– Ты знаешь, я не могу спать по ночам. Паршивая гостиница, клопы, духота. Раскроешь окно на ночь – влетают какие-то птицы. Я сначала испугался. Просыпаюсь – сидит на спинке кровати и качается. Большая, серая. Я ударил рукой, закричал. Взлетела и села на шкаф. Зажег свет – нетопырь. Взял палку – выгнал одного, другой висит у окна. Спать не дают. Черт знает – окон раскрыть нельзя. Противно – серые они какие-то…
– Ну, бросим, – давай пить. – Мы выпили и тоже бросили стаканы. Я засмеялся, но он отвел глаза. Я увидел его тревогу. Мы обнялись и расстались…
Бедный странник знал не только скитания и песни, серые птицы не давали ему спать, и не только спать: они волочили свои крылья по его стихам, путали его мысли и мешали жить… И никто никогда не узнает, какой страшный нетопырь, залетев в его комнату в северную длинную ночь, смел начисто и молодой смех, и ясные глаза, и льняные кудри, и песни…»
О том, что после смерти Ширяевца (весна 1924 года) Есенин производил впечатление человека, опаленного каким-то губительным внутреннем огнем, свидетельствует и «пролетарский» поэт Вл.

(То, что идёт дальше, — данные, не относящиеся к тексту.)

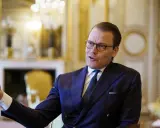 Prins Daniel i mörk kostym, med glasögon, gestikulerar. Rykten om prins Daniel otrogen sprids.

Кириллов. Именно в те месяцы Есенин, обычно не откровенничавший с людьми из стана «железных врагов», неожиданно признался ему: «Чувство смерти преследует меня. Часто ночью во время бессонницы я ощущаю ее близость… Это очень страшно. Тогда я встаю с кровати, открываю свет и начинаю быстро ходить по комнате, читая книгу…»
В тот же день, немало удивив автора, Сергей Александрович прочел наизусть, ни разу не сбившись, стихотворение Владимира Кириллова «Мои похороны», а потом на ту же тему – свое «На смерть Ширяевца».

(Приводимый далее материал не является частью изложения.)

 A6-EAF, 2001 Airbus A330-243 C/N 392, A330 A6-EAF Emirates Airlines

«Чувство смерти преследует меня»! И единственный способ одолеть страшного преследователя – быстрое движение. По комнате, по городу, по стране… Запертый безденежьем в четырех гостиничных стенах, Есенин лишился последней обороны…
И все-таки…
Если бы Тихонов не был болен простудою…
Если бы Эрлих, уже в вестибюле гостиницы, прочитал написанные кровью стихи и, перепугавшись, вернулся и уговорил Есенина провести вечер у Фромана, а молодые поэты, вместо того чтобы рассказывать анекдоты о Есенине, всю ночь до зари слушали его стихи…

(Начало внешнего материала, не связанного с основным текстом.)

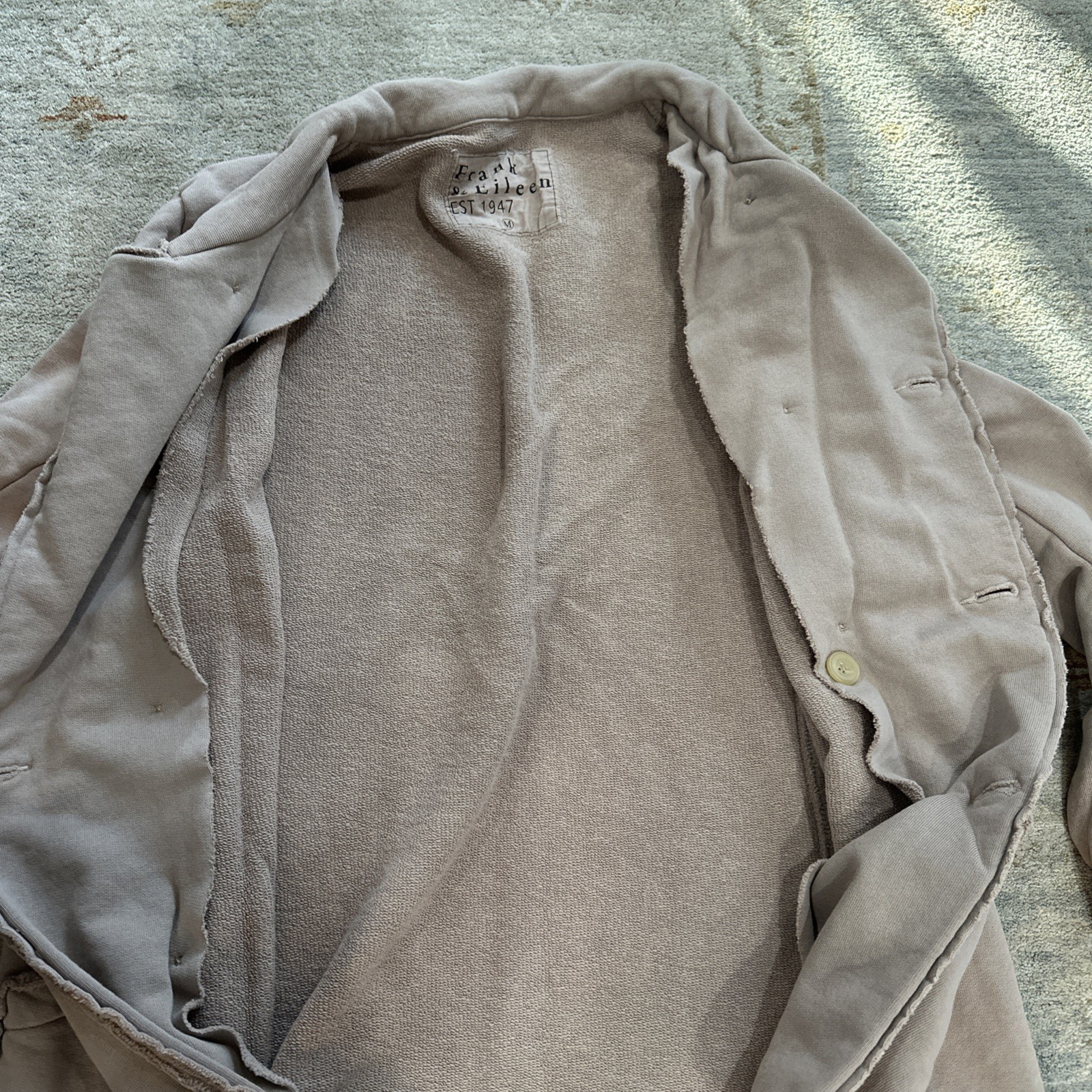 Frank and Eileen Belfast Medium - image 4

Может, хотя бы в ту ночь и в том месте «чувство смерти» не настигло его?
Литературный Ленинград, это явствует из записей Павла Лукницкого, простился с Есениным второпях и небрежно, как если бы из жизни ушел бездомный литератор средней руки: жалкий оркестр, дежурные речи официальных лиц, реденькая толпа зевак. Но пока траурный спецвагон добирался до столицы, Россия опомнилась и осознала непоправимость утраты. В день похорон на улицу вышла вся Москва. Газеты в некрологах колебались, выбирая подходящий эпитет. Кого, товарищи, хороним? Как обозначить литературный ранг отошедшего? Большой? Талантливый? Известный? Транспарант над Домом печати, где был установлен гроб с телом Есенина, настаивал на слове «Великий» как на единственно верном. Однако, когда в конце января, почти накануне сороковин, в первом номере «Нового мира» за 1926 год появилась поэма Есенина «Черный человек», как-то сама собой вставшая рядышком с пушкинским «Моцартом и Сальери», оказалось, и тоже само собой, что это громкое и важное слово Есенину, как и Моцарту, не годится: то ли слишком велико, то ли чересчур узко. «Великим быть желаю, люблю России честь. Я много обещаю, исполню ли – Бог весть». При всей своей любви к Пушкину Есенин ни при какой погоде такого бы не написал, потому что всегда желал быть не великим (великих много!), а единственным:
И, песне внемля в тишине,
Любимая с другим любимым,
Быть может, вспомнит обо мне,
Как о цветке неповторимом.
А может быть, про Завещание Отошедшего россияне вспомнили благодаря природной аномалии? «Мы его хоронили под неумолчный плач весны. А на другой день после похорон сразу ударил мороз. Весне было больше нечего делать» (Вадим Шершеневич. «Великолепный очевидец»).